То, что делает Джамиля Дагирова (куратор Северокавказской биеннале. – «АртХроника»), вызывает уважение. Надо понимать, что их абсолютно не поддерживает государство, абсолютно нет денег. Министерство культуры обещало выделить им бюджет 50 тысяч рублей, и я не уверена, дали им деньги или нет. В любом случае это смешно – если сравнить с бюджетом Московской биеннале.

Все так консервативно потому, что двадцатый век в дагестанских художественных вузах заканчивается Джексоном Поллоком. Я приезжаю, читаю какие-то лекции, периодически дарю книги Дагестанской республиканской библиотеке.
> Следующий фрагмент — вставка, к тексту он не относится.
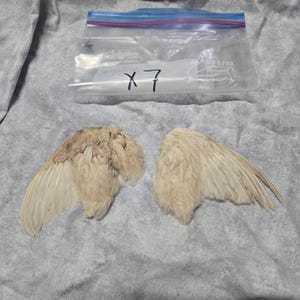 1 set Dried Quail Wings x7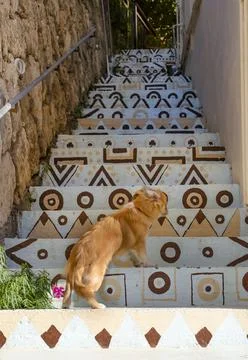 Multi-colored stone staircase in a narrow alley with a hissing ginger cat Stock Photos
Но с этой точки сложно сдвинуться, нужны усилия не одного-двух галеристов, а адекватная государственная политика.

– Интересно, возможно ли вообще в этой среде современное искусство?

– Мне кажется, возможно. Тимур Мусаев-Каган сделал перформанс «Десеменация»: участники собирались, грызли семечки и разговаривали о культуре. Еще была прекрасная идея у Имама Газали, который, к сожалению, ее не реализовал – перформанс «Культура и спорт»: художник должен был вызывать на бой дагестанского борца в галерее. Вольная борьба, пожалуй, самое популярное времяпрепровождение в Дагестане. Идея не новая, но главное, что мысль движется в правильном направлении.

Художник Мурад Халилов cнял замечательную первую серию сериала «Зизик». В нем очень много политического подтекста, я считаю, что это гениальная работа, но у автора нет денег на продолжение съемок. Впервые я увидела эту работу в философском кружке города Махачкала, где ее обсуждали. В Дагестане есть плодотворная почва.